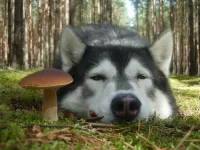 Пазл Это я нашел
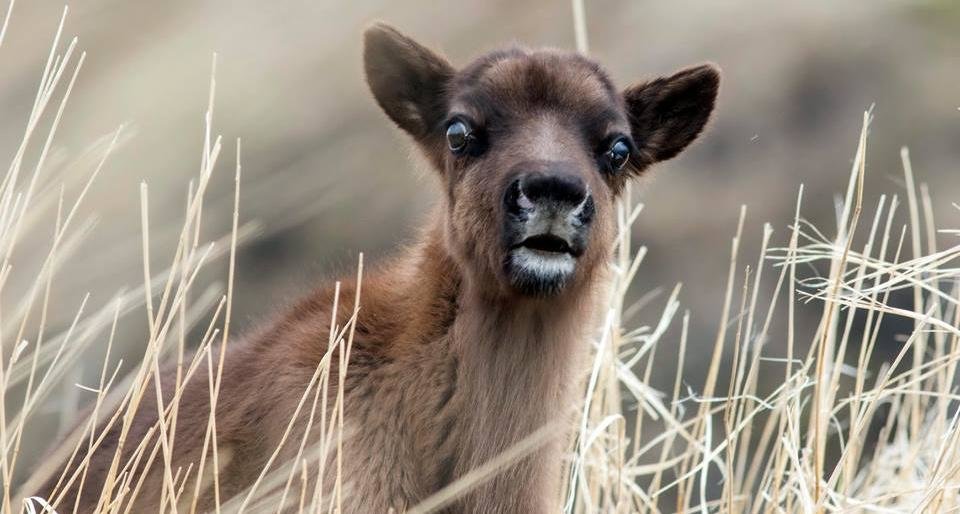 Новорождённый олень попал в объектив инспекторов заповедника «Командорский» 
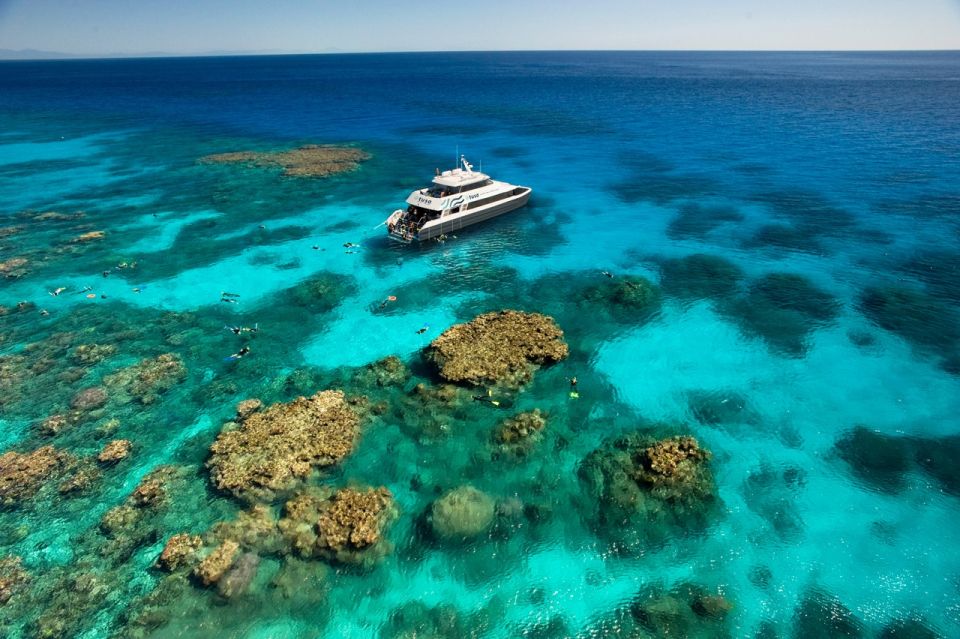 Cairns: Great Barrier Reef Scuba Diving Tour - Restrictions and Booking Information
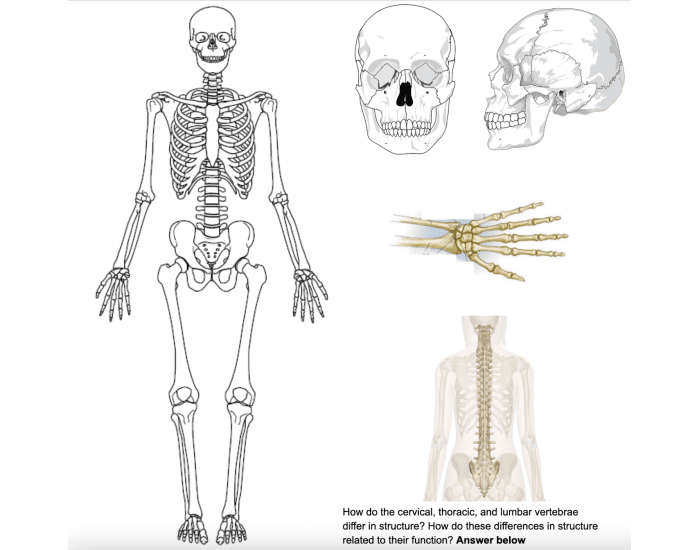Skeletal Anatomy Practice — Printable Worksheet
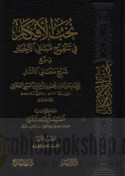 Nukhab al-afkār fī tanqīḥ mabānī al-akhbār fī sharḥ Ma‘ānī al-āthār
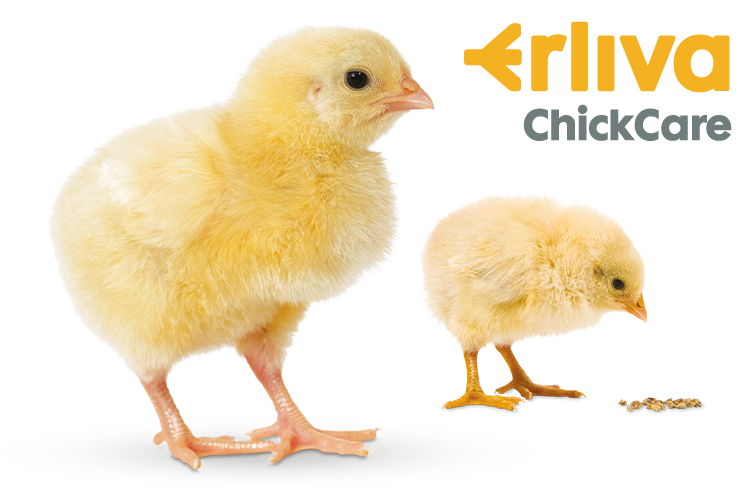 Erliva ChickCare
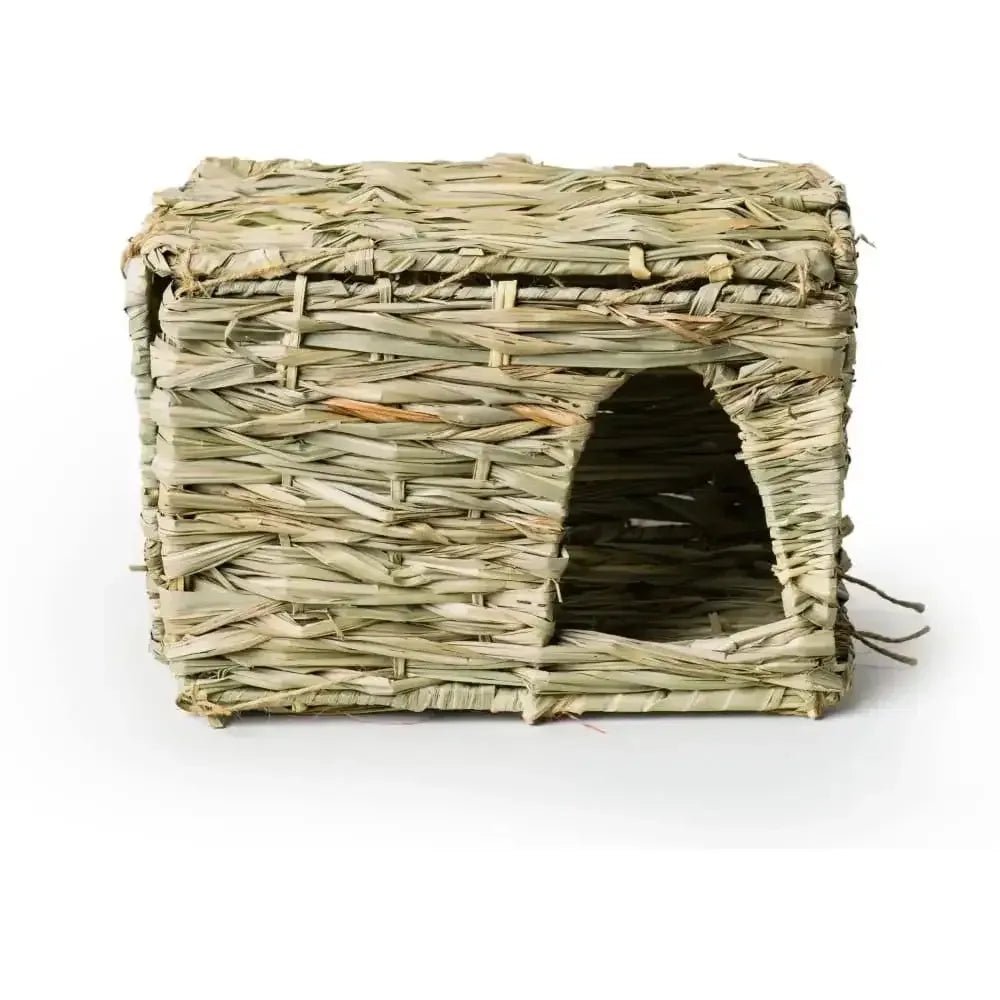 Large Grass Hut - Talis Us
********
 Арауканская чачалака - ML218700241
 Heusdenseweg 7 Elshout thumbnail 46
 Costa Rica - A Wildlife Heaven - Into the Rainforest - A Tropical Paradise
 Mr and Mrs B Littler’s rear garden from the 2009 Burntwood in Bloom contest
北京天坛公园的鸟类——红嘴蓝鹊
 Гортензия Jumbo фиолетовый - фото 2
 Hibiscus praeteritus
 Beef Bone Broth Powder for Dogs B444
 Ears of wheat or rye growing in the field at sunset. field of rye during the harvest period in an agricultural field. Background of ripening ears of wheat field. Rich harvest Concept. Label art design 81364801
********
== Required action ==
Of the lines above, retype only those from the line containing "Hibiscus praeteritus" through the line containing "Ears of wheat or", including both, exactly.

== Result of the task ==
 Hibiscus praeteritus
 Beef Bone Broth Powder for Dogs B444
 Ears of wheat or rye growing in the field at sunset. field of rye during the harvest period in an agricultural field. Background of ripening ears of wheat field. Rich harvest Concept. Label art design 81364801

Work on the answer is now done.